你应该在安装python的过程中将python添加到你的PATH中......安装后..打开cmd提示符类型命令-pip install nltk然后转到IDLE并打开一个新文件..将其保存为file.py ..然后打开file.py键入以下:导入 nltk

nltk.download()

回答by Touya D. Serdan

Do not name your file nltk.py I used the same code and name it nltk, and got the same error as you have, I changed the file name and it went well.

不要将您的文件命名为 nltk.py 我使用了相同的代码并将其命名为 nltk,并且遇到了与您相同的错误,我更改了文件名并且运行良好。

回答by GOKUL JAGANNATH

I think you must have named the file as nltk.py (or the folder consists of a file with that name) so change it to any other name and try executing it....

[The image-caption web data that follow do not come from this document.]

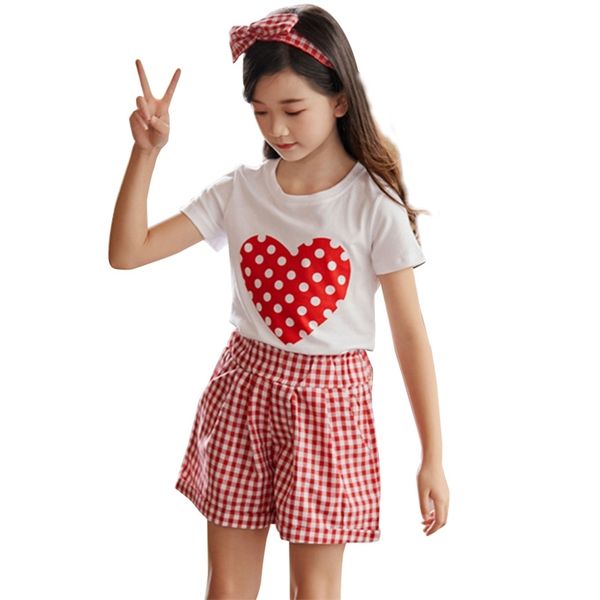 girls summer clothes heart pattern suit for tshirt + pants outfits plaid children's set 210527, White
girls summer clothes heart pattern suit for tshirt + pants outfits plaid children's set 210527, White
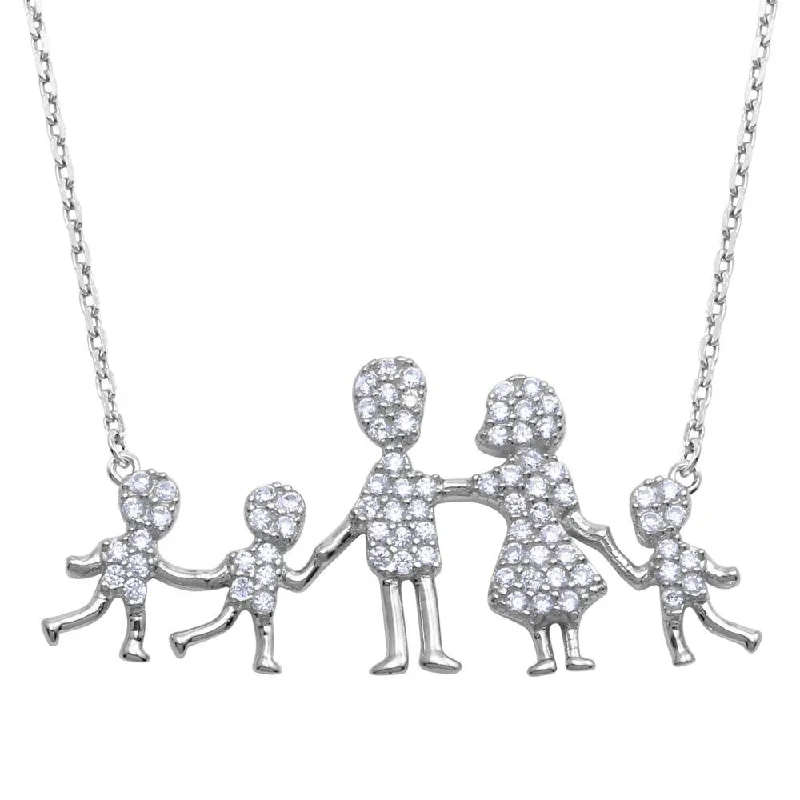 Rhodium Plated 925 Sterling Silver Mom, Dad, and 3 Sons Family Necklace with CZ - GMN00067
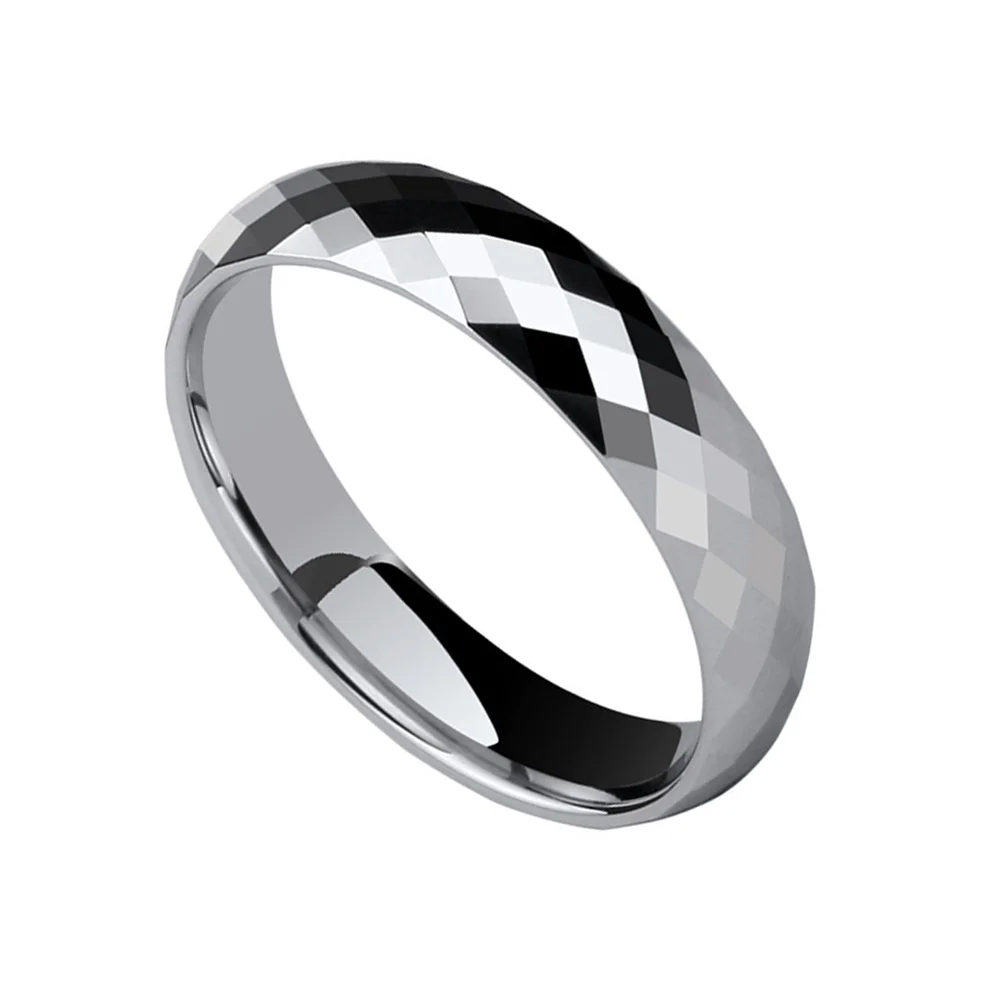 3MM 4MM 6MM 8MM Couples Silver Rhombus Cut Multi Faceted Tungsten Rings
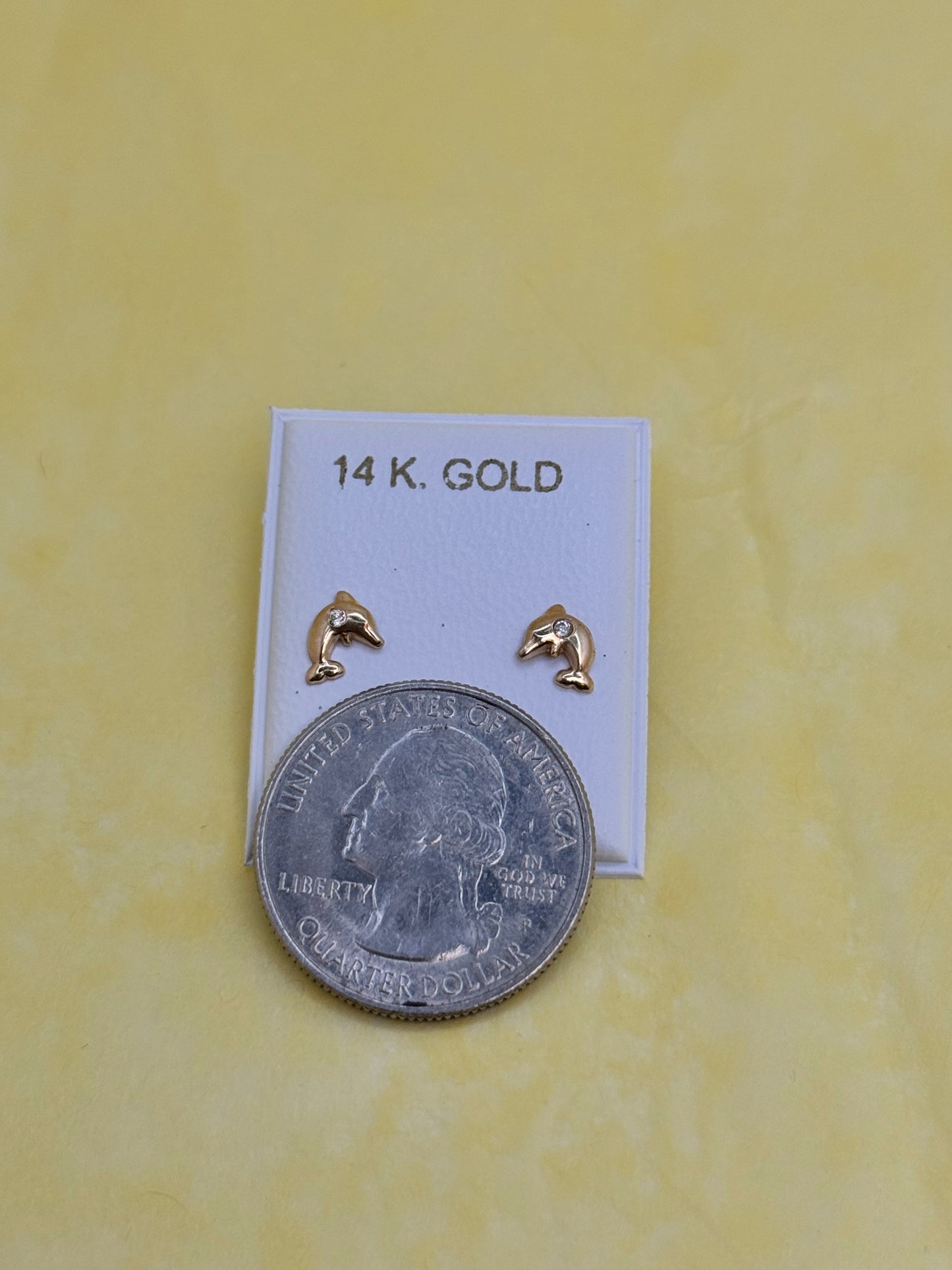 14k Gold Dolphin Stud earring with Cubic zirconia stone
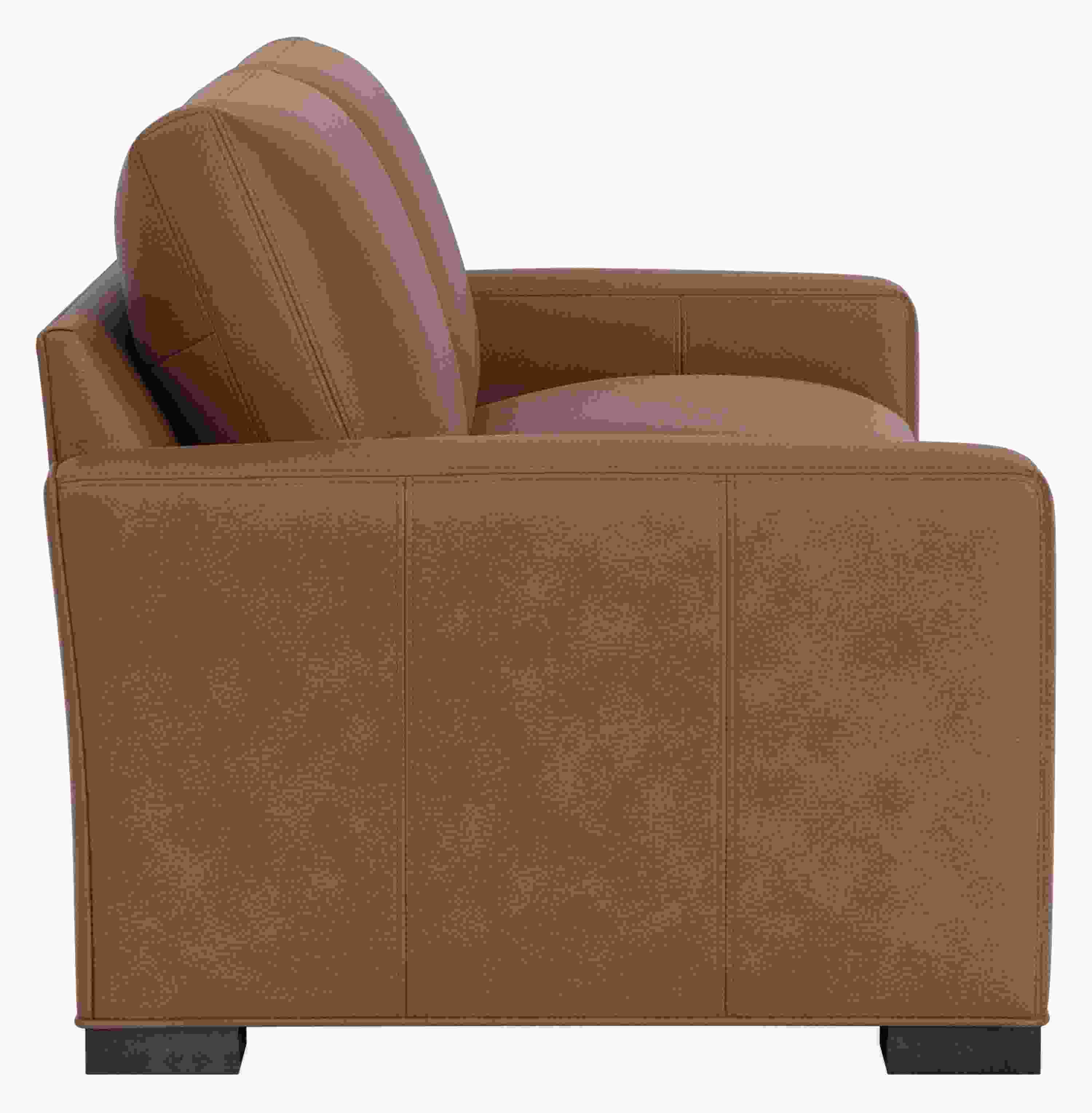 Side view of Metro 98-wide Two-Cushion Sofa in Laino Cognac Leather & Charcoal.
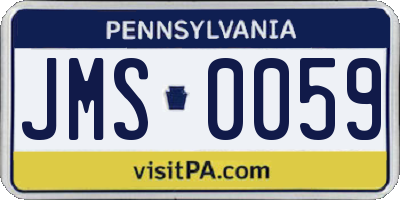 PA license plate JMS0059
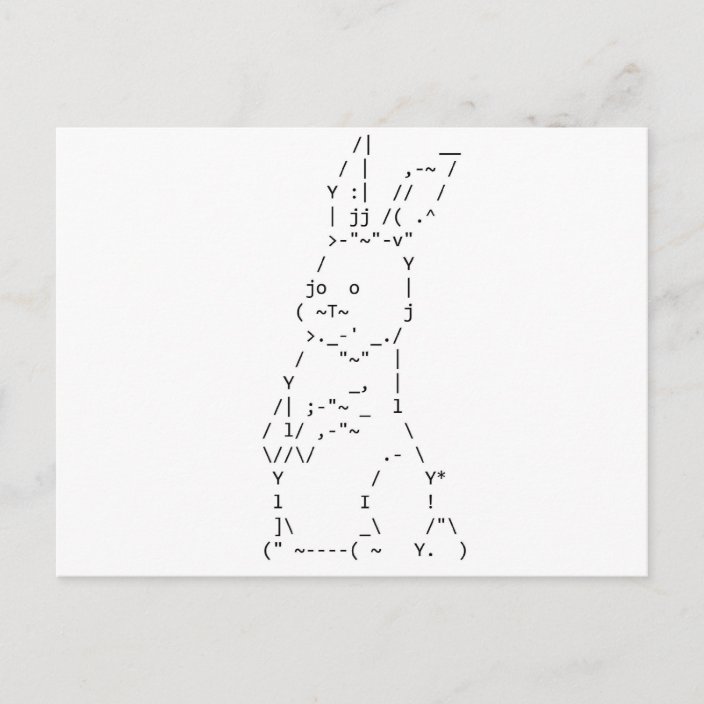 Happy Easter ASCII Bunny Art Holiday Postcard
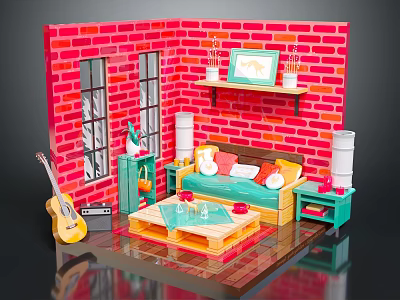 Kids Playroom Setup with Red Brick Wall Green Cabinet Orange Sofa Coffee Table and Guitar 3d model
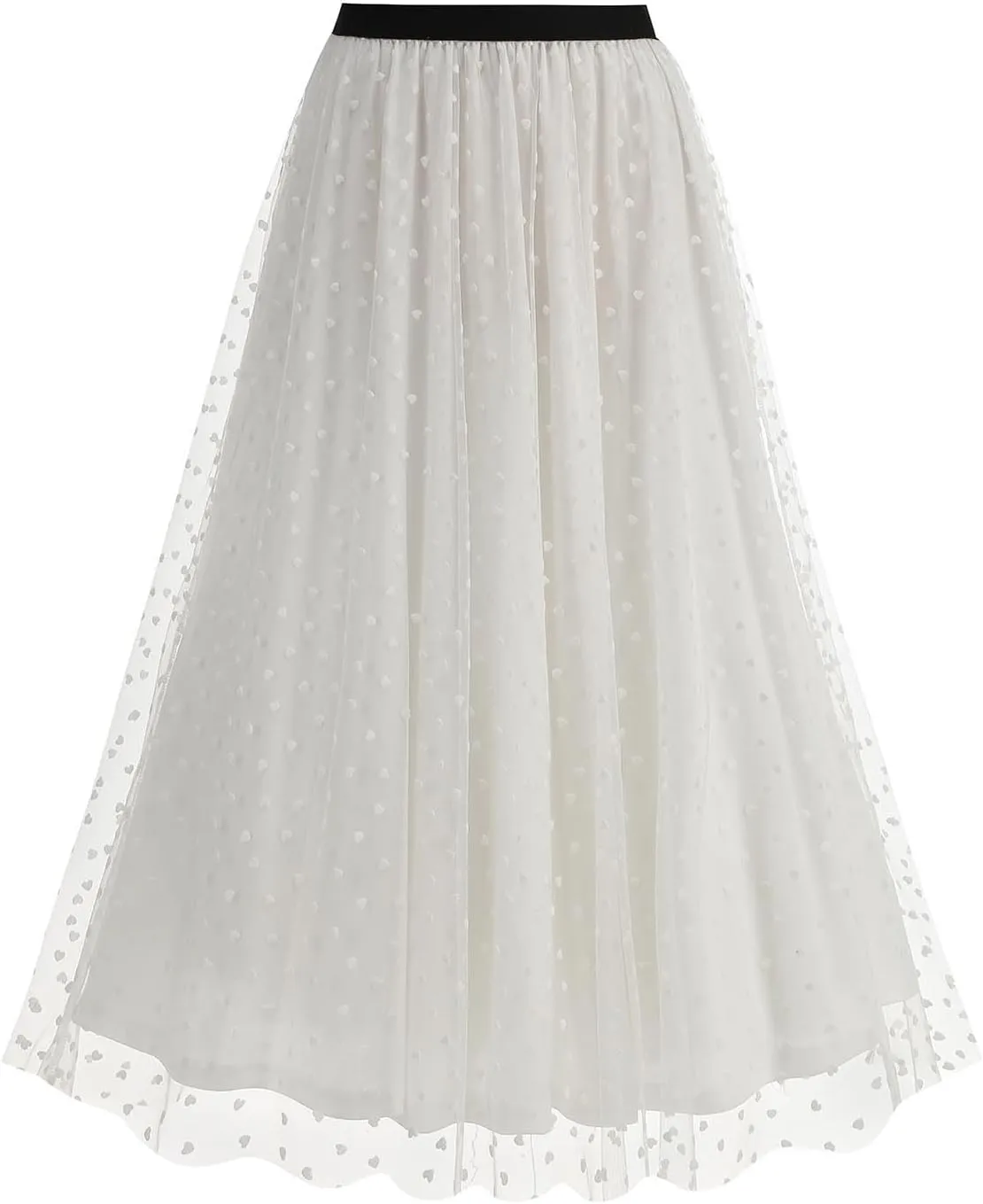 Women's Polka Dot Tulle Long Skirt, High Waisted Flowy Summer Casual Skirts Going Out Streetwear Trendy Clothes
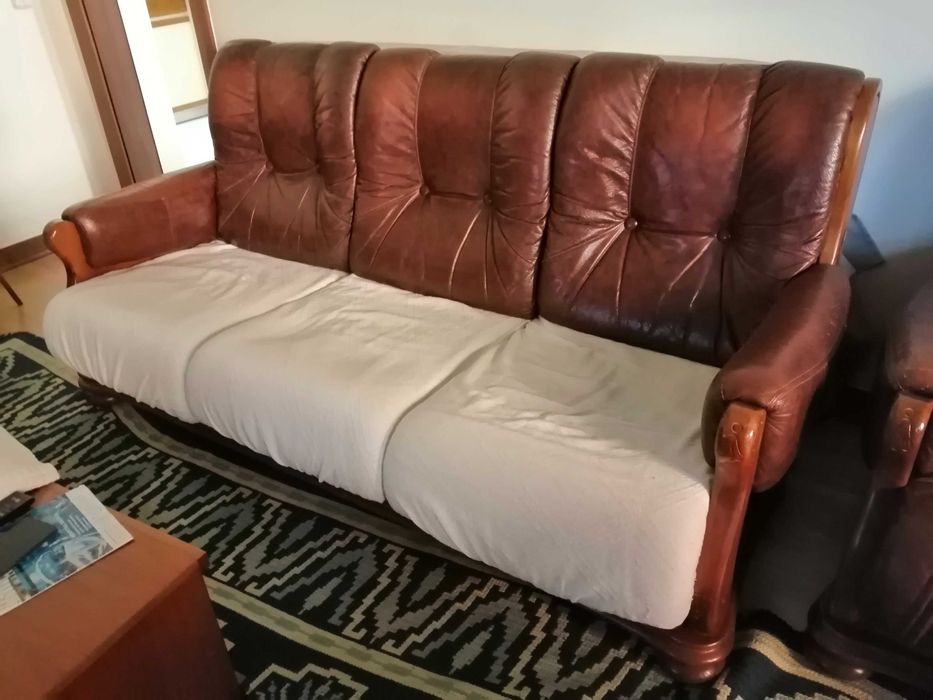 Sofás em pele 3+1 (lugares)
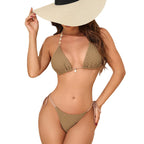 Solid Color Split Swimsuit Bikini High Grade Backless Deep V Plunge Sexy Wind Strap Design Three Point SOKO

我认为您必须将该文件命名为 nltk.py(或该文件夹包含具有该名称的文件),因此将其更改为任何其他名称并尝试执行它....

回答by Henrique Brand?o

You may try:

你可以试试:

>> $ import nltk
>> $ nltk.download_shell()
>> $ d
>> $ *name of the package*

happy nlp'ing.

快乐nlp'ing。

回答by Arun Das

It's very simple....

这很简单......

  1. Open pyScripter or any editor
  2. Create a python file eg: install.py
  3. write the below code in it.
  1. 打开 pyScripter 或任何编辑器
  2. 创建一个python文件,例如:install.py
  3. 在其中写入以下代码。
import nltk
nltk.download()
  1. A pop-up window will apper and click on download .
  1. 将出现一个弹出窗口,然后单击下载。

The download window]

下载窗口]

回答by B K

Try

尝试

nltk.download('all')

nltk.download('all')

this will download all the data and no need to download individually.

这将下载所有数据,无需单独下载。